- WHAT IS BEING ASKED
Among the entries below, find the line with "Zdjęcie przedstawia fragment" and the line with "蕭美琴全國車掃首發場與賴品妤合體。賴清德競總提供". Return exactly those lines and every line between them, but no pictures.
◇ ◇ ◇ ◇
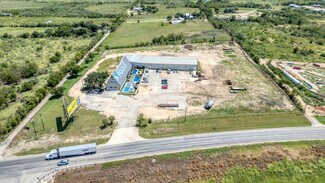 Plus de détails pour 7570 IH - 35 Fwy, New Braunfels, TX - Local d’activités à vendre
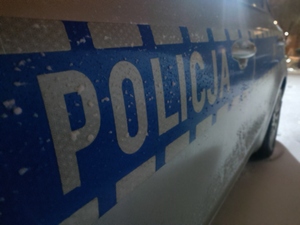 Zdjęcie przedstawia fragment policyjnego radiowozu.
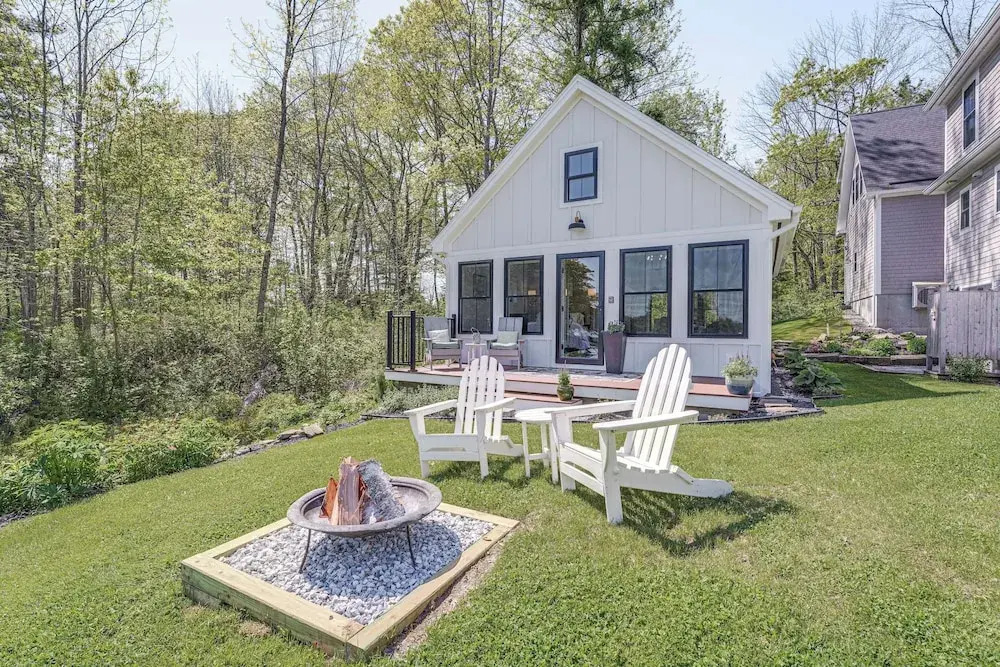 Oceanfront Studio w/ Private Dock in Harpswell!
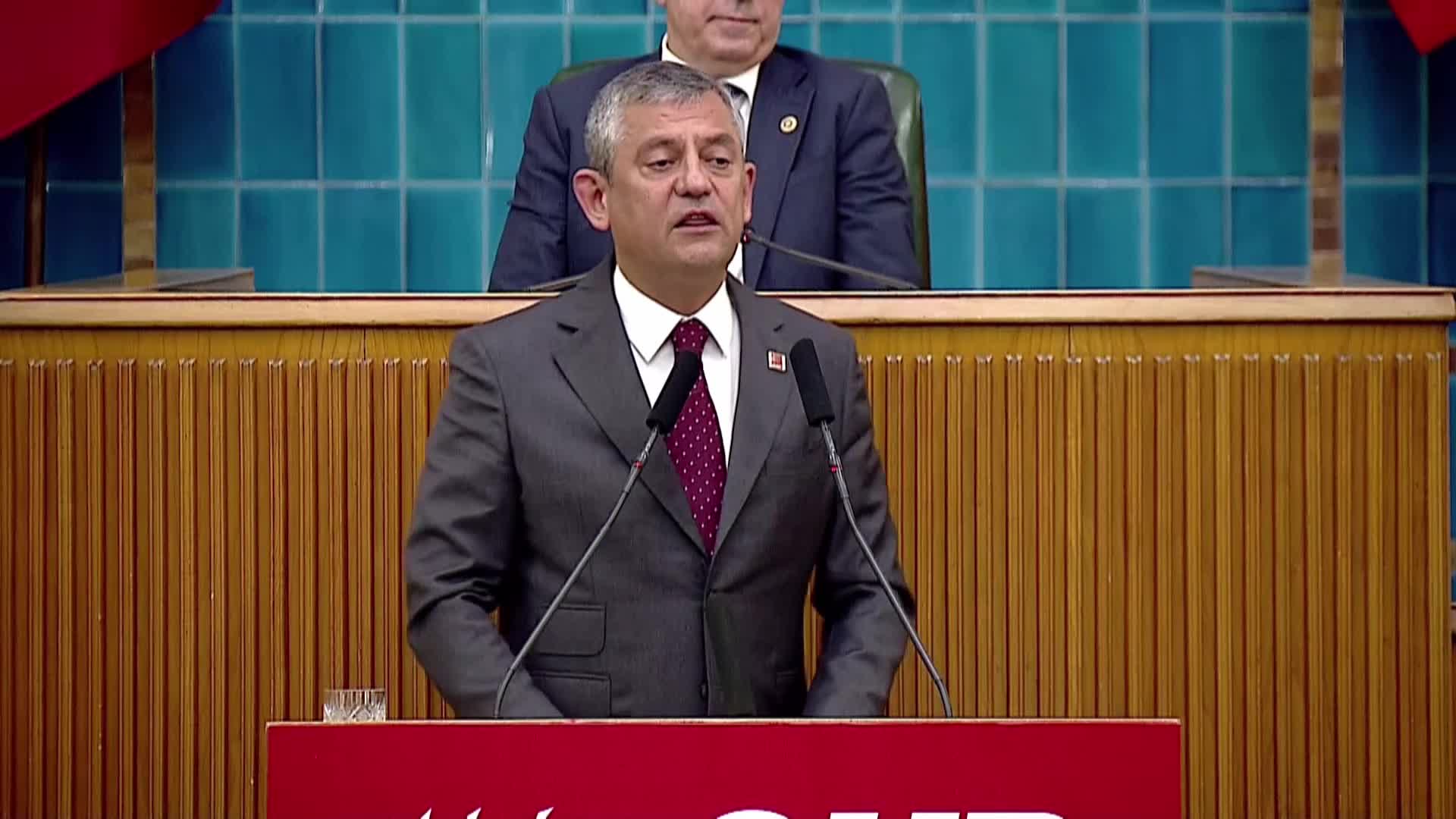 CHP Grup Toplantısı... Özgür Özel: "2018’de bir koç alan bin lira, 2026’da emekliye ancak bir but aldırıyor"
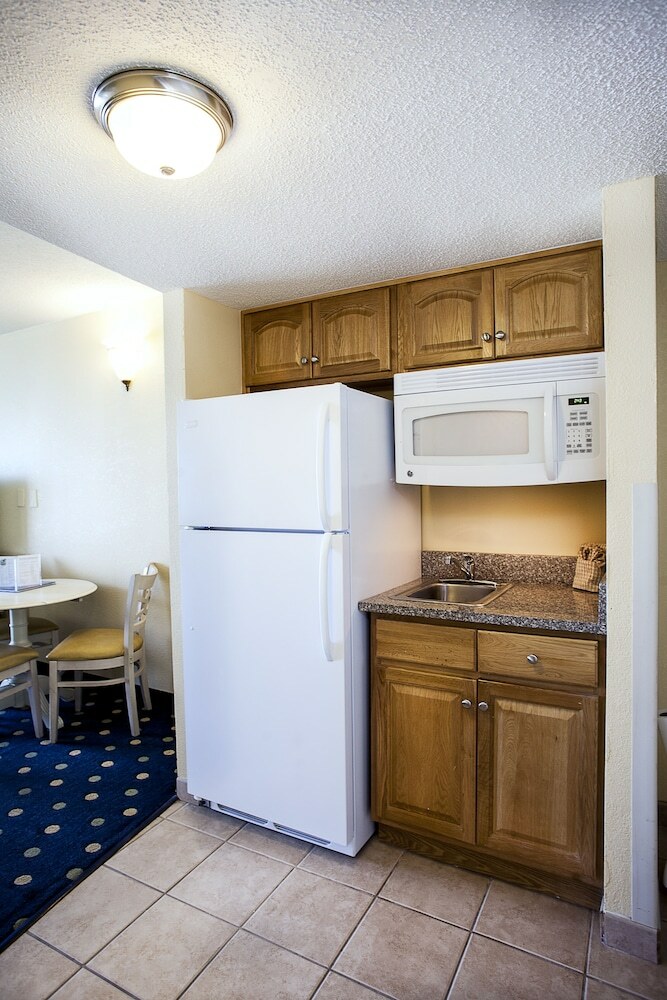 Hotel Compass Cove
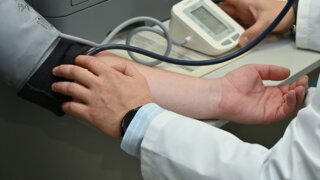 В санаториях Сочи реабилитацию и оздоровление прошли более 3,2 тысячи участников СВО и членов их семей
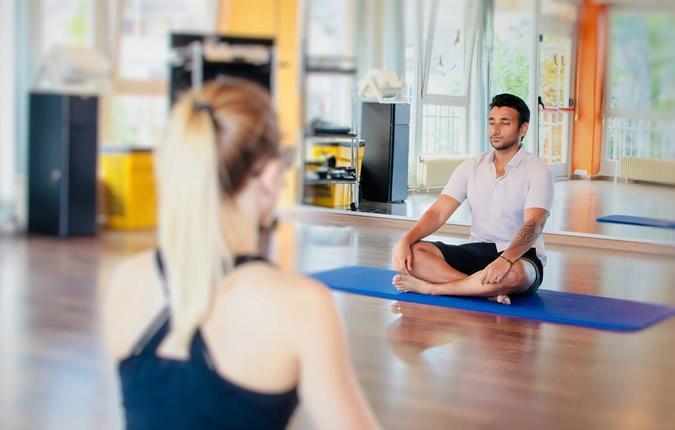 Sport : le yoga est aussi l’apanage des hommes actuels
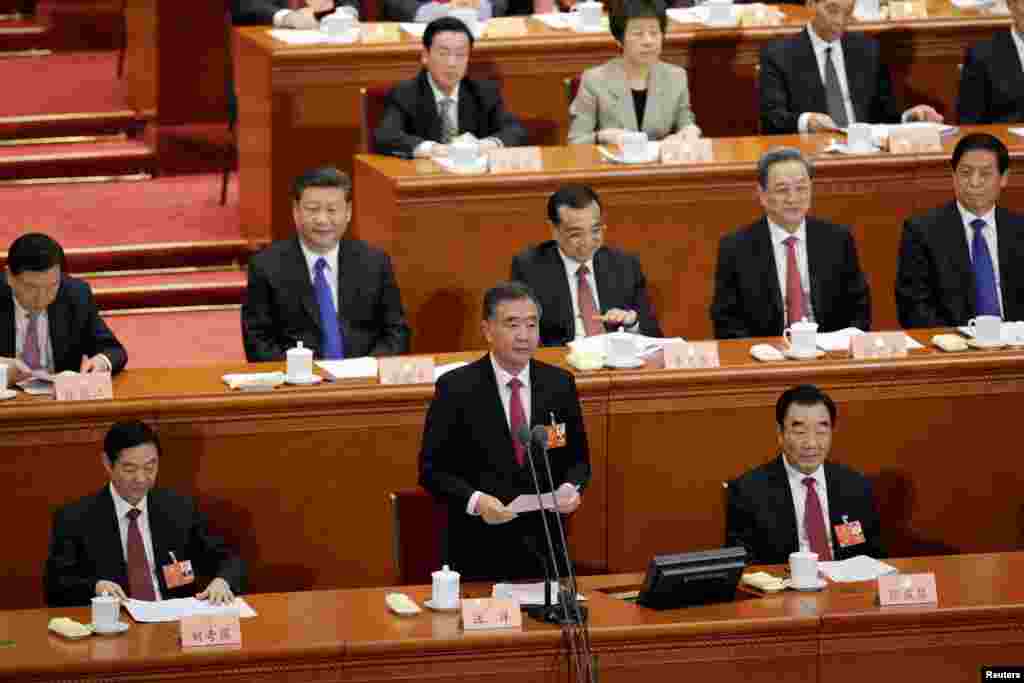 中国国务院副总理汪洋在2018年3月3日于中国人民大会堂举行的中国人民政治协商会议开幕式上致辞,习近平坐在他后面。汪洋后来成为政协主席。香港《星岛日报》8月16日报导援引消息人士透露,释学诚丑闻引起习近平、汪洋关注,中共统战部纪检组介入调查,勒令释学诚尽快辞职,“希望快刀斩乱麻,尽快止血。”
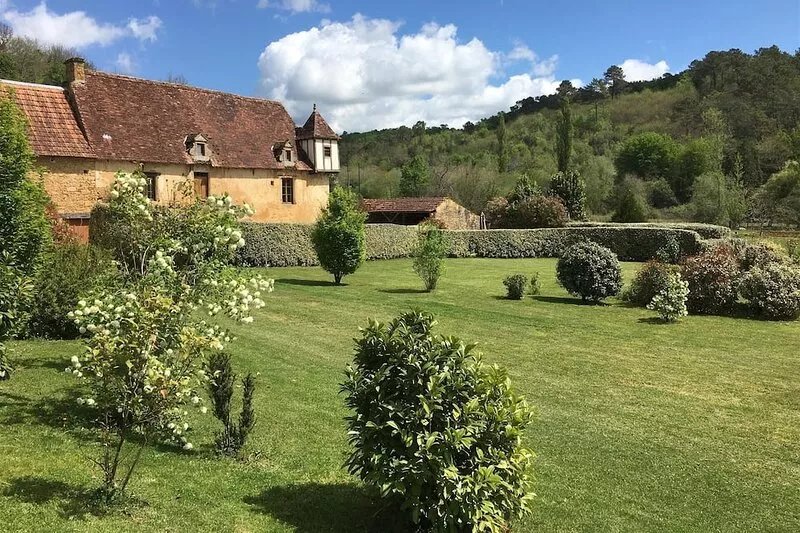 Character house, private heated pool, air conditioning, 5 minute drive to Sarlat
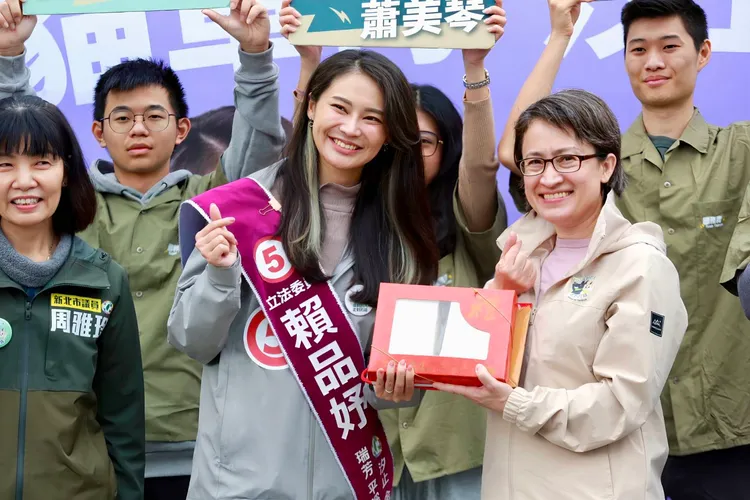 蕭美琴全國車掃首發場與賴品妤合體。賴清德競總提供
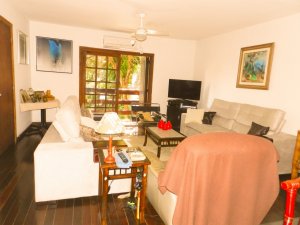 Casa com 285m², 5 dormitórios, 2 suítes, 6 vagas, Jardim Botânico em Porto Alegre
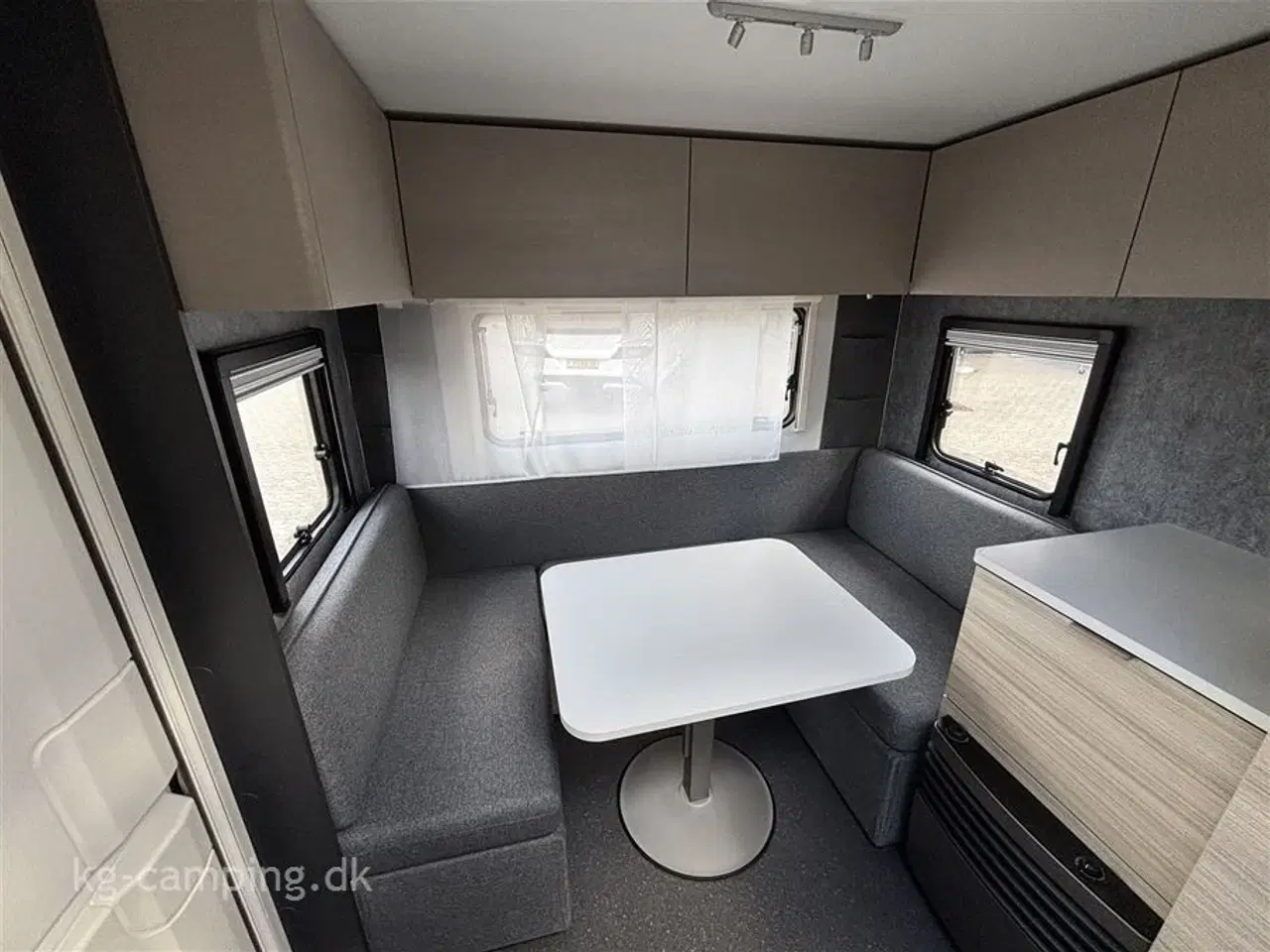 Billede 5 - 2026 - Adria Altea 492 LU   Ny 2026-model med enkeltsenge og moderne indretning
◇ ◇ ◇ ◇
- WRITTEN RESPONSE
 Zdjęcie przedstawia fragment policyjnego radiowozu.
 Oceanfront Studio w/ Private Dock in Harpswell!
 CHP Grup Toplantısı... Özgür Özel: "2018’de bir koç alan bin lira, 2026’da emekliye ancak bir but aldırıyor"
 Hotel Compass Cove
 В санаториях Сочи реабилитацию и оздоровление прошли более 3,2 тысячи участников СВО и членов их семей
 Sport : le yoga est aussi l’apanage des hommes actuels
 中国国务院副总理汪洋在2018年3月3日于中国人民大会堂举行的中国人民政治协商会议开幕式上致辞,习近平坐在他后面。汪洋后来成为政协主席。香港《星岛日报》8月16日报导援引消息人士透露,释学诚丑闻引起习近平、汪洋关注,中共统战部纪检组介入调查,勒令释学诚尽快辞职,“希望快刀斩乱麻,尽快止血。”
 Character house, private heated pool, air conditioning, 5 minute drive to Sarlat
 蕭美琴全國車掃首發場與賴品妤合體。賴清德競總提供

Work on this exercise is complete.